Here’s why this is more than a simple feel-good story: Yüksel is of Kurdish descent, and his parents are from Turkey. He was born in Essen, Germany, and has been a member of the center-left SPD since 1989, according to his bio. (Vox reached out to Yüksel’s office for comment, and we’ll update if we hear back.)

Germany’s AfD party, meanwhile, is virulently anti-immigrant and anti-Islam, and has gained strength in recent years by stoking fears about newcomers. (Since 2015, Germany has welcomed more than a million migrants and refugees, including many asylum-seekers from conflict zones in Syria and Iraq.)

After regional elections this weekend in the German state of Hesse, the AfD is now represented in all 16 German states and is the country’s third-largest political party. As Vox’s Jennifer Williams has written:

The AfD … has tried to ban the construction of mosques in Germany, called on the country’s border police to shoot refugees and migrants if necessary to stop them from entering the country, and run ads reminiscent of World War II-era Nazi propaganda warning of the threat posed by Muslims coming into Germany.

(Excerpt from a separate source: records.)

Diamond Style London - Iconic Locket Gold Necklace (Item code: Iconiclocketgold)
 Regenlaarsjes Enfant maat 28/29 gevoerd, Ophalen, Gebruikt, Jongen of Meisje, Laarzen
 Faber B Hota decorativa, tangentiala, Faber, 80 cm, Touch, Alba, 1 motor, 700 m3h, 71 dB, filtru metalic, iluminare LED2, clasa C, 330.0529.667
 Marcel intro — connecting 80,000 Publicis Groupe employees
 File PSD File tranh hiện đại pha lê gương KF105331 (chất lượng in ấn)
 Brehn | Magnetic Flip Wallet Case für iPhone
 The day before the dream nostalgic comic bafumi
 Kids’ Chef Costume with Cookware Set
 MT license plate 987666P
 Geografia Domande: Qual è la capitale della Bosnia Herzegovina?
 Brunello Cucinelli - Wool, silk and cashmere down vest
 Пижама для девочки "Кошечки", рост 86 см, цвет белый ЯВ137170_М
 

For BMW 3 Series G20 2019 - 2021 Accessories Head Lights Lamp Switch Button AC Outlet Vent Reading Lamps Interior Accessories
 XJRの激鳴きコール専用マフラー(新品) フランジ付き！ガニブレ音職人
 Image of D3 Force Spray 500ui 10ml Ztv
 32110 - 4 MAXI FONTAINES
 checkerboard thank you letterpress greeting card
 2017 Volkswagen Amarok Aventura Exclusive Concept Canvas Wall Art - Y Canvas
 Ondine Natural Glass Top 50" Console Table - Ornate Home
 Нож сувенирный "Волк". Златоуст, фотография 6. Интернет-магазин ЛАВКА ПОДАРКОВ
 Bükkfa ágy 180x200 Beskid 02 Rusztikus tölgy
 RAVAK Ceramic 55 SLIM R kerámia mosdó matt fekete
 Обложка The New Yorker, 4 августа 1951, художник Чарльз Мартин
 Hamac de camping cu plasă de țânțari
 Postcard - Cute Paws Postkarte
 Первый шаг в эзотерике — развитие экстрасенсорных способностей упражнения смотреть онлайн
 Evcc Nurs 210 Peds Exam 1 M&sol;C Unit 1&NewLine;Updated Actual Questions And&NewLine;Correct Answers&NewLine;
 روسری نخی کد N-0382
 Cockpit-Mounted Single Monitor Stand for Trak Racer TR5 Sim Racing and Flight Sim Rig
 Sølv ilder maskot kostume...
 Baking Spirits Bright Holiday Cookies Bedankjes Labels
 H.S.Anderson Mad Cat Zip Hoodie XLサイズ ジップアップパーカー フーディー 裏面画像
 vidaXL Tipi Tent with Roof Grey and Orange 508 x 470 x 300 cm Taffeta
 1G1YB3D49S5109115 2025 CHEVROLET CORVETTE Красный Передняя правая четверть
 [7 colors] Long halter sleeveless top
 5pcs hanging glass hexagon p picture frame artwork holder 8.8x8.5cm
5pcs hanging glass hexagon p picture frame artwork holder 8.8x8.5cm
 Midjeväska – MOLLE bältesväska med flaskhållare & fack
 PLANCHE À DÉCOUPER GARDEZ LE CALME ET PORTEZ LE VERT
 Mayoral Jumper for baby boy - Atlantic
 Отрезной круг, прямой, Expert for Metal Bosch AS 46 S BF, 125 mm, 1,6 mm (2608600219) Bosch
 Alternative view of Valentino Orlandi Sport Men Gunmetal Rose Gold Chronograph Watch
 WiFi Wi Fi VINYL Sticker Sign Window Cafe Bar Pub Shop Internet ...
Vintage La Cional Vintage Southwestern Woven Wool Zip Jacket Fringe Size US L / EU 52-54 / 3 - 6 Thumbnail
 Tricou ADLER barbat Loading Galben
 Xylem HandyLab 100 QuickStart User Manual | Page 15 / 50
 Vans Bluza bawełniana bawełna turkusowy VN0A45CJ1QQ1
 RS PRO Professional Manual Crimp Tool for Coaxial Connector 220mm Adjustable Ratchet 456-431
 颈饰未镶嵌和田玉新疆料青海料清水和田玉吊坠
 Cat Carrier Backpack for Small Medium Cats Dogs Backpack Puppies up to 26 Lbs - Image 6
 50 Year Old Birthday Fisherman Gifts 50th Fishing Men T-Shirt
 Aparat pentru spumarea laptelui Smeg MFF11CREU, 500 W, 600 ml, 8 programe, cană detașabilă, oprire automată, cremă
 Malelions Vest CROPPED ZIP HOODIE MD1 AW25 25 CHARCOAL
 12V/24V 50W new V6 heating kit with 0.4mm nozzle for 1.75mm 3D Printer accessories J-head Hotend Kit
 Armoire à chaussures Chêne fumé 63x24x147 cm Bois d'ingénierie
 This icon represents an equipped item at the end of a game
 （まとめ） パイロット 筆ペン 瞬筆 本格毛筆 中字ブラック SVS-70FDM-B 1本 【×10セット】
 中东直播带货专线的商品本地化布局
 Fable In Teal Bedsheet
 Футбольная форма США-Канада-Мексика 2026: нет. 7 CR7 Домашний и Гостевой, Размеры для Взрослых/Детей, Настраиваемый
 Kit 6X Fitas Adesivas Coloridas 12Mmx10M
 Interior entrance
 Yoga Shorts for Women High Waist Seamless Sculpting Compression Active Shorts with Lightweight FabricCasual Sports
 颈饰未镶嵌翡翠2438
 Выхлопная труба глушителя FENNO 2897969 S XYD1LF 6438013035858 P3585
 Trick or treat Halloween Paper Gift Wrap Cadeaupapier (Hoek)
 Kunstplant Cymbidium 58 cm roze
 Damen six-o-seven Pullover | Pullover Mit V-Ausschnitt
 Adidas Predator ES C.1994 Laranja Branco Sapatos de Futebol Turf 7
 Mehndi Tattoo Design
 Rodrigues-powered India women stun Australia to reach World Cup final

The AfD’s rise has also helped fracture German politics, with fringe parties on both the right and the left gaining ground. That has dealt a significant blow to Chancellor Angela Merkel’s “grand coalition,” so much so that she’s stepping down from party leadership and will not seek reelection when her term is up in 2021.

Given this political upheaval, it’s worth noting that an AfD employee was helped by someone with a background the party ostensibly wants to keep out of Germany.

And this isn’t the first time the AfD had gotten some cosmic payback for its nativist views: In January, a prominent member of the party converted to Islam after reportedly working with Muslim immigrants.